About Scheduling Strategies
Infor Production Scheduling uses both backward (pull) and forward (push) scheduling techniques.
- is demand-driven. You know what you have to deliver based on your orders. Therefore, you identify required preceding steps or batches and schedule them to enable the delivery. In other words, you know what to produce but want to know the required lead-time and feasible scheduling for it.
- is supply-driven. You know what you have in your inventory but want to determine when and what to make with it. This is especially useful when dealing with divergent product lines. For example, determining where you can produce different variations of a product and when you have a large supply that needs to be processed, even before there are orders.
If one of the stages has less than the required capacity, it will limit output and thus becomes the production bottleneck. When such a bottleneck occurs, it is a common practice that the processes for that particular stage are scheduled first to achieve an optimal solution. You start from that bottleneck and create the inflows required for it, i.e., trigger the activities to provide the required inputs. Then, create the outflows needed in the stages that come after it.

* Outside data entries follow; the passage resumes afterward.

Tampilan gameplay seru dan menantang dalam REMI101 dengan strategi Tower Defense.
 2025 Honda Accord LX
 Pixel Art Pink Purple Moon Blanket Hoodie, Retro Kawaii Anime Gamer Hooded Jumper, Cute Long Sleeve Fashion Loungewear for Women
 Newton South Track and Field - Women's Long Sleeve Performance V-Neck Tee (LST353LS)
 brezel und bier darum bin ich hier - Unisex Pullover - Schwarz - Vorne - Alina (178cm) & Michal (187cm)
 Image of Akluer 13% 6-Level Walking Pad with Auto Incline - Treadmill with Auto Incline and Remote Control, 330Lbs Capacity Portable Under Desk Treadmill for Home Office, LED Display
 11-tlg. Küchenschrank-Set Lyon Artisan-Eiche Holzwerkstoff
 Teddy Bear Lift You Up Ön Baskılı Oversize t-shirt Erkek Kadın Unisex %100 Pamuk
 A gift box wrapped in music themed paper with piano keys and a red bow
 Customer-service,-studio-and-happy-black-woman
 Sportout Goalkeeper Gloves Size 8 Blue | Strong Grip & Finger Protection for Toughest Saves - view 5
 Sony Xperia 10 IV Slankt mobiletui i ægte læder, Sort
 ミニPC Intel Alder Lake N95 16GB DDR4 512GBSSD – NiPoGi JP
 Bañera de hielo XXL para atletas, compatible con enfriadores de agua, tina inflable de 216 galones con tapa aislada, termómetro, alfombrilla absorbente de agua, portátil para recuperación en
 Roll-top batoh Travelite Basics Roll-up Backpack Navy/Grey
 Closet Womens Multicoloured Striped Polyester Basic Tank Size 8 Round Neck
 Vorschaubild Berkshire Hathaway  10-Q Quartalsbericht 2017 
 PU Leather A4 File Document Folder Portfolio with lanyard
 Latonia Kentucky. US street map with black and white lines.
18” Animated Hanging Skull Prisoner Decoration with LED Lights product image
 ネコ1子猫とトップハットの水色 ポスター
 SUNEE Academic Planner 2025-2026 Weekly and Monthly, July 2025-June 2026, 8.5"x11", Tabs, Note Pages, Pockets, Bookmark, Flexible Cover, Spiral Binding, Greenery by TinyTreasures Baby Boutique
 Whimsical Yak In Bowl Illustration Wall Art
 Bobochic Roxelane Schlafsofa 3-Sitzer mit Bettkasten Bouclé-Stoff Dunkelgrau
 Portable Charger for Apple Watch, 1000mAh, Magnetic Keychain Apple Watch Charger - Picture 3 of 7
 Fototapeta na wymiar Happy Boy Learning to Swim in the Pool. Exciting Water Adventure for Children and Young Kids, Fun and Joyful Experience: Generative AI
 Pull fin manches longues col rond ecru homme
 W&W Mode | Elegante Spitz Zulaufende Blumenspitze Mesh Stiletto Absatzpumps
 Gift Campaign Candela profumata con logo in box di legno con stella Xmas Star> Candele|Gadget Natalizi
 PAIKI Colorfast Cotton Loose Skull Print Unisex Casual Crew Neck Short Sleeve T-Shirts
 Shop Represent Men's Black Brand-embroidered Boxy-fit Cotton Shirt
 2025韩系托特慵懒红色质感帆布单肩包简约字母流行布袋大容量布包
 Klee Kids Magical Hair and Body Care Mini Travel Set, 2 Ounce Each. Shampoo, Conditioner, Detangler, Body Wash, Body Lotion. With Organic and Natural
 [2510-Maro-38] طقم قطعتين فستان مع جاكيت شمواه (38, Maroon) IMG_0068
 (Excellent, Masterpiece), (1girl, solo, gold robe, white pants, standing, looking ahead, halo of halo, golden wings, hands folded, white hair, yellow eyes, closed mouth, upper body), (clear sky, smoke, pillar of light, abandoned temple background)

Forward or push scheduling strategy is used in situations in which you can produce different variations of a product. First, you define what ingredients are available. Second, you define the sequence of steps to follow to arrive at specific end products. You are effectively scheduling batches forward to use existing inputs. You are therefore pushing what you have down a production path, thus forward or push scheduling. This scheduling approach is used together with pull scheduling to deal with production bottlenecks. First, schedule activities for the bottleneck stage to achieve an optimal solution. Second, create inflows for the bottleneck stage, i.e., (backward) schedule the steps to provide the required inputs. Third, schedule process batches to create products using the available inputs from the bottleneck stage, i.e., create outflows needed in the stages that come after the bottleneck. The push scheduling strategy underlies the create outflow function.
Here is another example of using forward scheduling. You process vegetables that are harvested once a year. They need to be canned quickly, but there are no existing orders. You can push it forward to be canned as bright stock (white stock) and then labeled as the orders come in.
Backward scheduling or pull scheduling is the main strategy used by Infor Production Scheduling to arrive at an optimum schedule. First, you identify what is to be produced. Second, you identify the steps needed to produce the items. You effectively schedule backward in time, working from the end product or final steps backward to the ingredients or preceding steps. It is, therefore, called backward or pull scheduling strategy. You schedule the required preceding batches as is needed to most efficiently make what you want to produce.